#### Collection entries
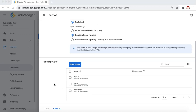Later, when you create your line items, you can decide whether to include or exclude the key value pair in the targeting. We'll discuss that in more detail in a bit.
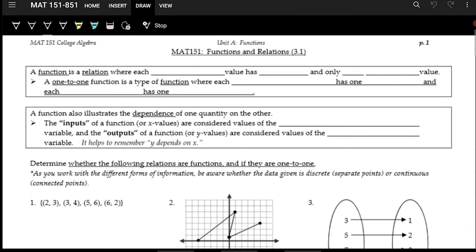In this first section we're going to go over what a function is, what a relation is, and all these review kind of definitions. A function is a relation where each input value has one and only one output value. So for each input there is exactly one output, and we'll look at the different representations of how to see that in functions or in relations.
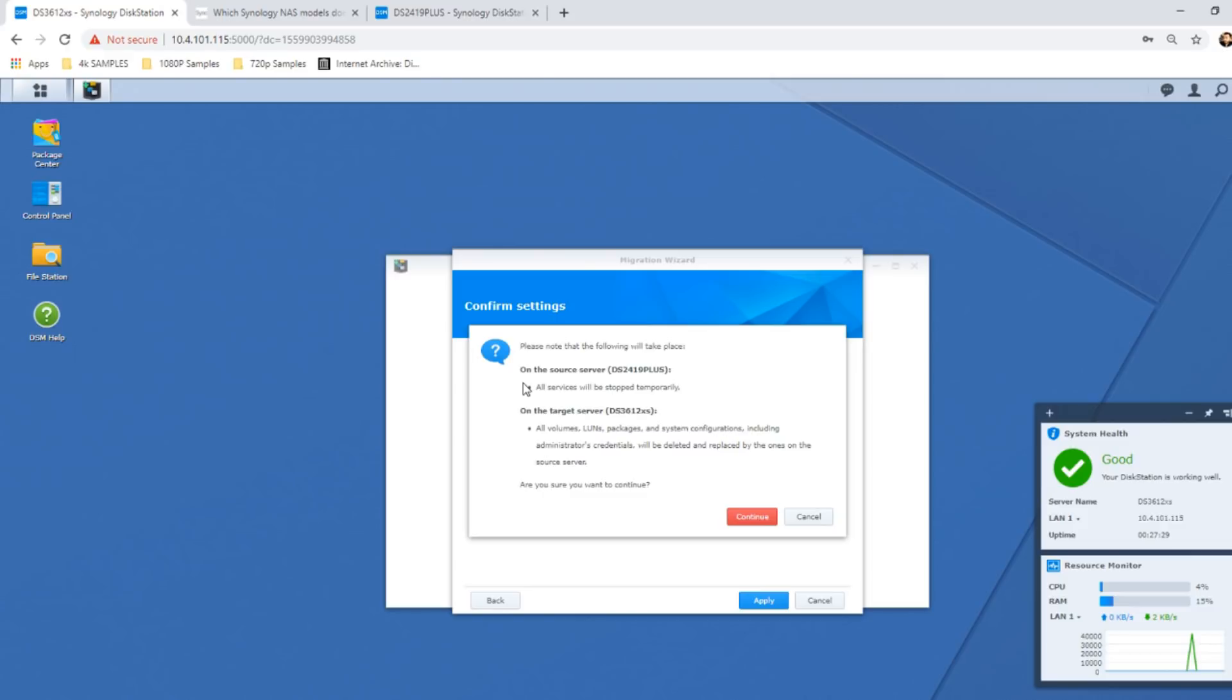We click apply and it's letting us confirm that the following is going to take place: both of these NASes are now going to cease in their own respective ways. The 2419+ is going to be temporarily ceased while that data is carried over, so any applications or stuff that's running on the original NAS are going to be stopped. Likewise, on the target NAS, the 3612, anything related to storage is now going to be overwritten with this new configuration.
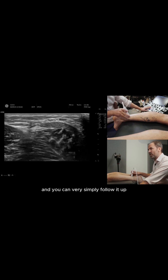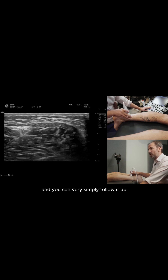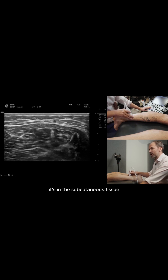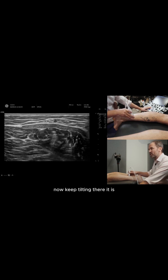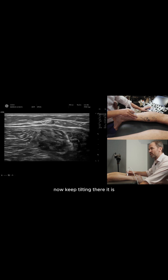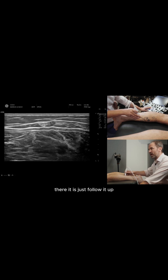So that's the sural nerve and you can very simply follow it up — it's in the subcutaneous tissue now. Keep tilting and just follow it up.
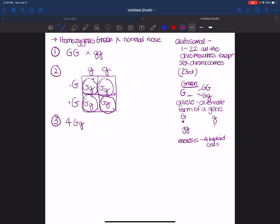Step four is to give all the possible phenotypes. So with this genotype, I know that I'm going to have four green nose possibilities of the offspring. So 100% of the offspring will have green noses.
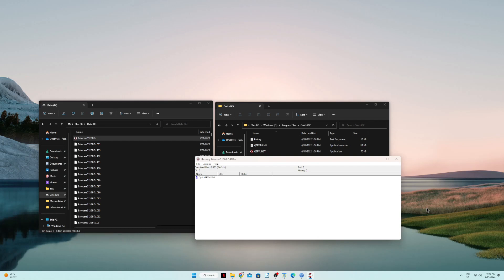If there's an error, just take note of the file number and re-download that file. After that, redo the SFV check. Make sure it's 100% complete for all files with no errors, and then you can do the extraction using 7-Zip.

#### YOUR INSTRUCTIONS
Output every record above verbatim, excluding images.

#### TASK RESULT
Later, when you create your line items, you can decide whether to include or exclude the key value pair in the targeting. We'll discuss that in more detail in a bit.
In this first section we're going to go over what a function is, what a relation is, and all these review kind of definitions. A function is a relation where each input value has one and only one output value. So for each input there is exactly one output, and we'll look at the different representations of how to see that in functions or in relations.
We click apply and it's letting us confirm that the following is going to take place: both of these NASes are now going to cease in their own respective ways. The 2419+ is going to be temporarily ceased while that data is carried over, so any applications or stuff that's running on the original NAS are going to be stopped. Likewise, on the target NAS, the 3612, anything related to storage is now going to be overwritten with this new configuration.
So that's the sural nerve and you can very simply follow it up — it's in the subcutaneous tissue now. Keep tilting and just follow it up.
Step four is to give all the possible phenotypes. So with this genotype, I know that I'm going to have four green nose possibilities of the offspring. So 100% of the offspring will have green noses.
If there's an error, just take note of the file number and re-download that file. After that, redo the SFV check. Make sure it's 100% complete for all files with no errors, and then you can do the extraction using 7-Zip.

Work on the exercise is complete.